Hacker Newsnew | past | comments | ask | show | jobs | submitlogin

For Facebook and WhatsApp it looks like a DNS issue, name resolution fails with SERVFAIL:

    $ dig facebook.com

    ; <<>> DiG 9.16.21 <<>> facebook.com
    ;; global options: +cmd
    ;; Got answer:
    ;; ->>HEADER<<- opcode: QUERY, status: SERVFAIL, id: 23982
    ;; flags: qr rd ra; QUERY: 1, ANSWER: 0, AUTHORITY: 0, ADDITIONAL: 1

    ;; OPT PSEUDOSECTION:
    ; EDNS: version: 0, flags:; udp: 512
    ;; QUESTION SECTION:
    ;facebook.com.   IN A

    ;; Query time: 16 msec
    ;; SERVER: 8.8.8.8#53(8.8.8.8)
    ;; WHEN: Mon Oct 04 17:53:00 CEST 2021
    ;; MSG SIZE  rcvd: 41


John Graham-Cumming:

>Between 15:50 UTC and 15:52 UTC Facebook and related properties disappeared from the Internet in a flurry of BGP updates.
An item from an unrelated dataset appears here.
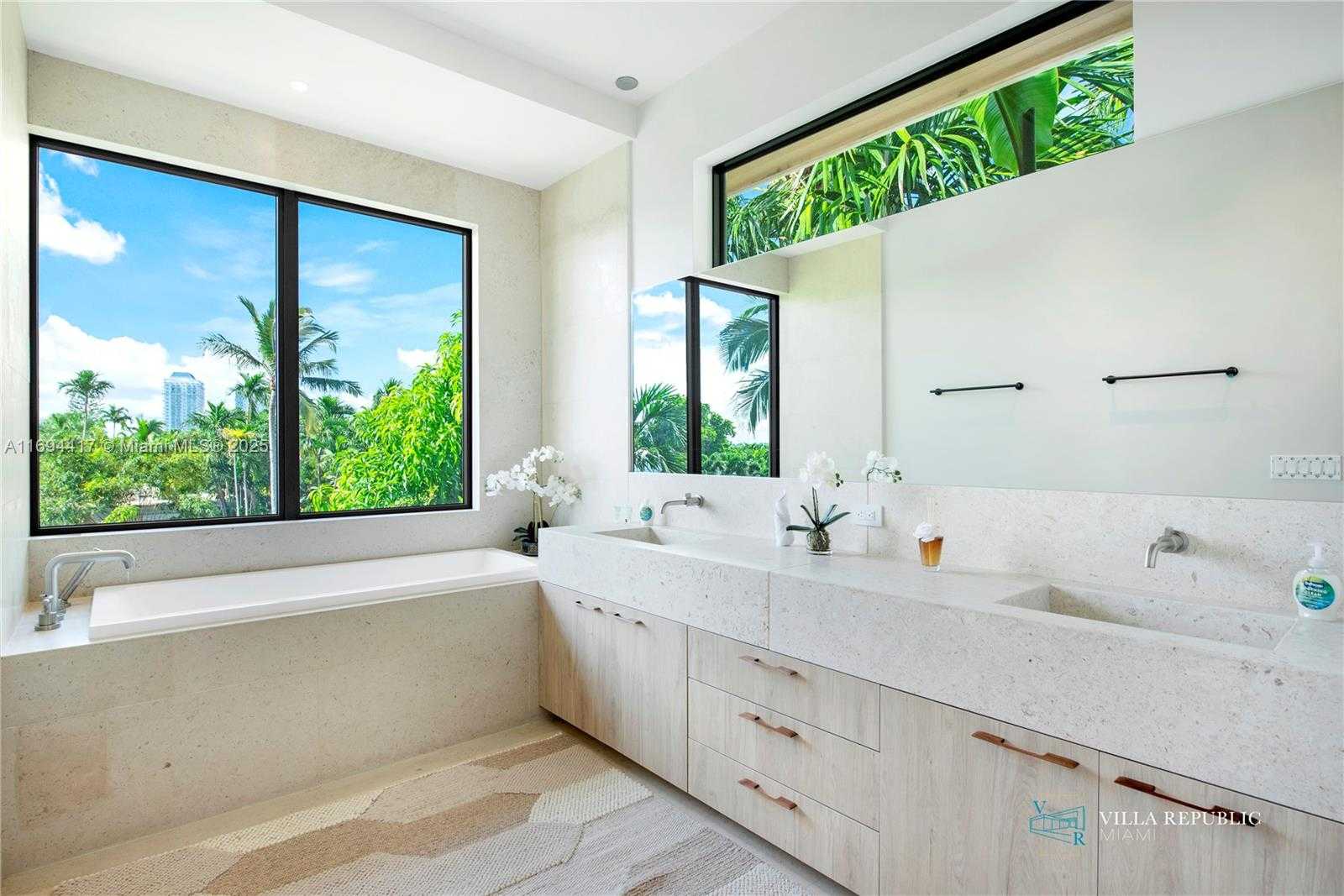 Small Image of 1200 NORTH EAST 87TH ST, Miami Number 29
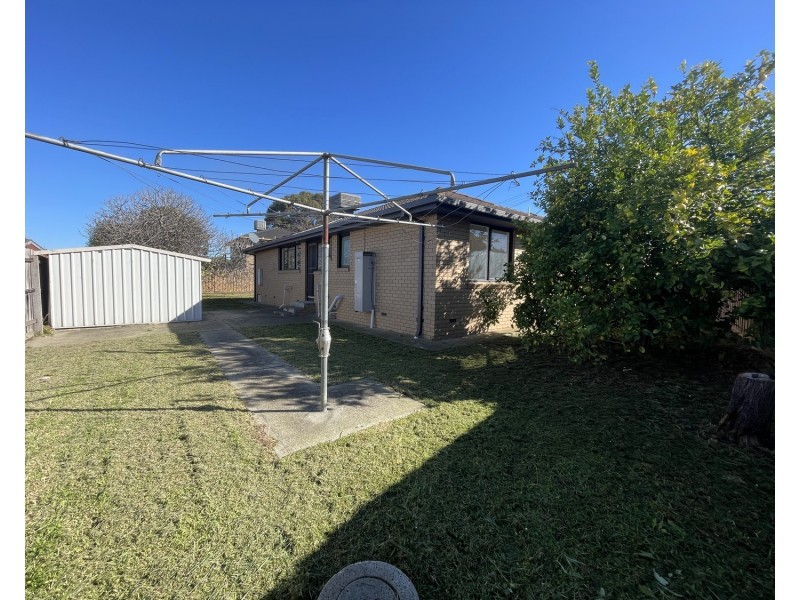 2 Whitehaven Court, Craigieburn VIC 3064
This is what it looked like to @Cloudflare.

https://twitter.com/jgrahamc/status/1445065270272434176 (thread)

UPD

>About five minutes before Facebook's DNS stopped working we saw a large number of BGP changes (mostly route withdrawals) for Facebook's ASN.

https://twitter.com/jgrahamc/status/1445068309288951820


Maybe they tried everything else before that.

At first it was working but they couldn't serve responses: https://i.imgur.com/UaCtOiX.png

Notice the "2020"


The servers struggle to reply a basic 5xx answer.

Two possibilities:

- the DNS services internally have issues (most likely, as this could explain the snowball effect)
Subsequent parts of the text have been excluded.